友達の持っている玩具が欲しくてねだったことがありました。怒られたときの言葉が「よそはよそ、うちはうち!」 当時、祖父母と暮していた家の裏が竹やぶ。しつこく強請る私を箱に詰めて、夜に竹やぶに置き去りにしました。それから一切、親にねだることはなくなりました。

また自分の子供だけでなく、他の子供にも分け隔てなく接していました。従兄弟も幼少の頃、同じ裏庭のイチジクの木に縛り付けられたことがあると話していましたが、逆に何か良いことがあって褒める時、他の子供が先で自分が一番最後でした。今では見かけない近所にいる怖い昭和の時代のオッサンだったのでしょう。

「人真似でなく、自分を持て」

「人と等しく、裸で付合え」

という教育方針だったと受け止めています。
しかし、スパルタ教育でした。

小学校1年生に上がったとき。教科書をいつもそこら辺りに放り出していて、いくら怒られても整理整頓が出来なかった子供。ある日、日課を揃えるのに教科書が見当たらない。放りだしたまま遊びにいっていた教科書を隠していました。泣き叫び、謝る自分にやっと教科書を出してくれたとき。とても冷たかった本。(冷蔵庫に隠していました)

それからです。小学生時代、真っ暗な部屋でも手探りで机の本立てから教科書、ノートを手にして日課が揃えられる。ランドセルの中を見ずに本の順番は覚えていて取り出せるほど整理整頓が出来るようになったのは。(最近、反省することがありますが....)

全く軸のぶれない親父でした。それは今思っても親父自慢です。

「公」のとおり、分け隔てなく人付き合いや私心を殺して物事に取組む男でした。個人的感情はあっても、大切な判断には大所高所から一番良い決断をする努力をしていたと思います。

「若いうちに外を観て来い!」高校2年生の夏に高校生向けのカリフォルニア州旅行に2週間出してくれました。大きなカルチャーショック!!

「よそはよそ。うちはうち!」でも世界は広い!

周囲の価値判断や世の中の風潮に囚われずに自分の価値観、判断で物事を考えることにさらに拍車がかかったと思います。

それが「親父は親父。俺は俺!」で敷かれたレールの上を歩く事が嫌で、家業を継がずに親父の影響が全くない業界へ縁あって飛び込みました。40歳を前に絶好調のデルを退社して、田舎に戻り家業を継いだ5年間は前にこのメルマガで触れましたが、その理由は両親には話していません。

そうした自分を観てどう思っていたのか?

帰国した晩、親父の側で一晩明かしました。その時に感じたのが「引継ぐ」ことではなく、「受継ぐ」こと。

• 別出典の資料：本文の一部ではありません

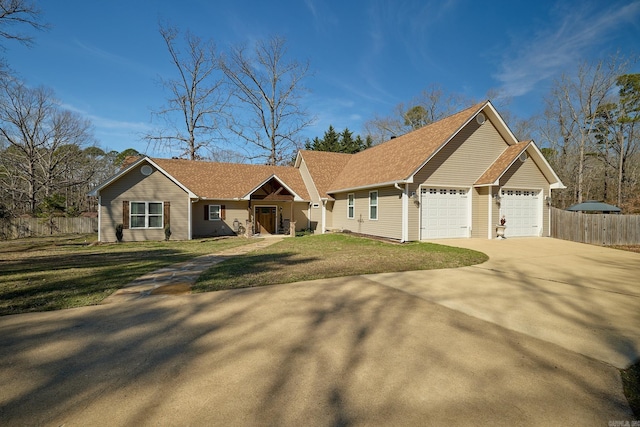 single story home featuring fence, driveway, and a front lawn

「引継ぐ」は、本質だけでなくやり方までもすべてコピー。自分がない。
「受継ぐ」は、生き方の姿勢、哲学など本質を踏襲しても方法は自己流。

起業の際、100%アメリカのビジネスマンには聞かれることが、「What is your passion? (貴方の情熱は何?)」

生き方の姿勢や哲学と具現化しようとしているビジネスがマッチしているかどうか?だと思います。会社勤めでなく、起業するためにはこの姿勢は大切です。

「よそはよそ。うちはうち!」

そう、ナンバーワンにならなくてもオンリーワンになる!

公の息子が他の男と変わりない人生を描いていたら、親父は満足しないでしょう。

うちはうち!

親父の名前に恥じない漢であるためにもぶれないしっかりとした軸をもって、私利私欲で動くような軽い人間でなく、分け隔てない裸の付き合いを今後も続けていきたいと覚悟を新たにした週でした。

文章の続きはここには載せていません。